Beauty: Is it really "in the eye of the beholder"?
Have you ever wondered why Hollywood stars are idolized in nearly every part of the world including cultures and languages very different from our own? Brad Pitt and Halle Berry look good to people living in Tokyo and Fiji, not just New York and Los Angeles. This is a testimony to the remarkable degree of consistency in what constitutes an attractive male or female appearance. Attractive facial features transcend race, gender, age, and sexual orientation.
The undeniable advantages of looking good
You may not realize it, but you are already an expert on what looks good.
From the moment you were born, you knew beauty!
Nancy Etcoff's book "Survival of the Prettiest" is a fascinating resource.
As it turns out, our appreciation of facial attractiveness is to a large degree
hard-wired into our brains. In her book, Etcoff describes research using sophisticated PET scans and functional MRI
to identify a specialized region of the brain devoted to facial recognition. Studies show that we judge a person's facial attractiveness in 150 milliseconds!

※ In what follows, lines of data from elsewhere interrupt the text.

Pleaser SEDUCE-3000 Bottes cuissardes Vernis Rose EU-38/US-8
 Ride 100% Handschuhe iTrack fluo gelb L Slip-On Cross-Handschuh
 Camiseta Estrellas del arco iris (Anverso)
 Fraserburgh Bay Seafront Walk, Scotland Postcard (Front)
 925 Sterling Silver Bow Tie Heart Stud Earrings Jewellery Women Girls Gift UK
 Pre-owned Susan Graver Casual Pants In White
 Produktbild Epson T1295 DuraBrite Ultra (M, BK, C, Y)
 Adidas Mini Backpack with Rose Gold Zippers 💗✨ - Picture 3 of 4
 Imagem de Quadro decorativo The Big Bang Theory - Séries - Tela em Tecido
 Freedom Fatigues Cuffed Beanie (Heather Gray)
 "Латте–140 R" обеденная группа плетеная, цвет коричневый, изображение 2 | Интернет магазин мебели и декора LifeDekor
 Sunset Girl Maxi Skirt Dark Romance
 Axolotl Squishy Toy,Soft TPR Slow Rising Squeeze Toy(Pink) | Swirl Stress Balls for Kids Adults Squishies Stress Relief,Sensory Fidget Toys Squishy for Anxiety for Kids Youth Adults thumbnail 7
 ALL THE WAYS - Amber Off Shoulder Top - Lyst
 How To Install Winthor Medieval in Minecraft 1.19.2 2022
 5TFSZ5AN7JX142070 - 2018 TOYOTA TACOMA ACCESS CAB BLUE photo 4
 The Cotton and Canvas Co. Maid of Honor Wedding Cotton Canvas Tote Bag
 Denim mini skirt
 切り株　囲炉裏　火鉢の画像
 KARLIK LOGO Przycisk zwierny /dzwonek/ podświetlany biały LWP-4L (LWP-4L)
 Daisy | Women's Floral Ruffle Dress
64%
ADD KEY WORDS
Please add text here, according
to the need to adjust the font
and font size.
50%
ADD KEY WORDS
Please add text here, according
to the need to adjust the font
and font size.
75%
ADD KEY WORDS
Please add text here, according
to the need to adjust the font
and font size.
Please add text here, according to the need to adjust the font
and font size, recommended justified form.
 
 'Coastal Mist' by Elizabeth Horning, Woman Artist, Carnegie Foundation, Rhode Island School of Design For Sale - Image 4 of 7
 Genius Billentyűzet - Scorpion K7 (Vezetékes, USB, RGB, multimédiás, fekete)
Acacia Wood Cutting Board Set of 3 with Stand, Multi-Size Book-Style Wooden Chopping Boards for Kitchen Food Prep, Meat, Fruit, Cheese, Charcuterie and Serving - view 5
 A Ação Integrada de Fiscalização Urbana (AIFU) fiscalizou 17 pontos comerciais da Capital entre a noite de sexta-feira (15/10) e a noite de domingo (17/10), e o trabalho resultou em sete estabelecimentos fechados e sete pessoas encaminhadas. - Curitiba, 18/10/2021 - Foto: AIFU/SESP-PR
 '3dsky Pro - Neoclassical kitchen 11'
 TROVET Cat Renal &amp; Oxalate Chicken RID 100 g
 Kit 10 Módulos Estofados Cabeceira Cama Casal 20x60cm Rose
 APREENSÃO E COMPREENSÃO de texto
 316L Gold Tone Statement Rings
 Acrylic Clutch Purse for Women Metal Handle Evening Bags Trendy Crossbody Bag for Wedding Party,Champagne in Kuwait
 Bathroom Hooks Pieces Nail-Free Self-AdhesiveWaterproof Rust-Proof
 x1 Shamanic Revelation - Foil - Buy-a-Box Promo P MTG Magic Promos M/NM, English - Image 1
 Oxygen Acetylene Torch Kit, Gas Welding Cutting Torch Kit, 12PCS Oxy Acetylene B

Before we even have time to say hello! Remarkably, attractive female faces, when shown to heterosexual men, evoke responses in the same
reward circuitry of the brain as food, money and
chemical stimulants (the illegal variety). These responses take place in a deep, primitive part of our brain, an area that developed
even before the region of the brain responsible for language. The responses are involuntary. In other words, a positive
gut response to facial attractiveness, rising to the level of desire, is in our programming as human beings. Most humans are probably not completely surprised to learn this, having experienced such visceral feelings of attraction first-hand.
We call it chemistry but it’s really biology.
Shouldn't it be the "inside that counts"?
A source of conflict in life is the struggle between the more advanced thinking part of the brain (that tries to keep us out of trouble) – the cortex - and the primitive part of our brain that seeks out
attractive physical features. Of course, this region of the brain is also closely tied to the sexual part of the brain which acts as a turbocharger. We may have advanced as a species intellectually, but we still have a great deal in common with our lower animal relatives in terms of Darwinian impulses. We make life decisions, sometimes literally life or death, based on how photons bounce off the topography of the human face. To think that, in the case of Helen of Troy, a face could launch a thousand ships!
Like life in general, it is a state of affairs that is not fair or just or moral. Ask anyone over 50 and they will tell
you that the importance of looks is a reality and you'd better get used to it. But there is a primitive, rational
and biologically sound basis for this bias toward beauty. Many of the facets of beauty also correlate with health, youthfulness
and fertility – estrogen contributing to an hourglass figure with fuller breasts and hips, unblemished skin, full cheeks and lips,
hairlessness and paler skin. Large eyes, a small nose and chin are associated with youth.
In men, thick eyebrows, smaller eyes, and a square chin signal the effects of testosterone and correlate with greater attractiveness.
Sadly, Eleanor Roosevelt said that her one regret in life was that she was not
"prettier" She was an accomplished woman and one with a lot to be proud of by any standard.
This regret cannot be assuaged by talk of "beautiful on the inside." Of course, today, her appearance
could be enhanced tremendously (starting with a chin augmentation). Who knows how stunning she might have looked
with some 21st century surgical assistance?
Joan Rivers talks of the “power” of beauty, something she did not have as a young woman, so she did not miss it.
She is not exaggerating by equating beauty with power.
As a plastic surgeon, I am committed to helping patients enhance their appearance and regain their youthful features. It's not a frivolous or superficial endeavor. One's attractiveness transforms human perceptions and influences the way they experience the world around them.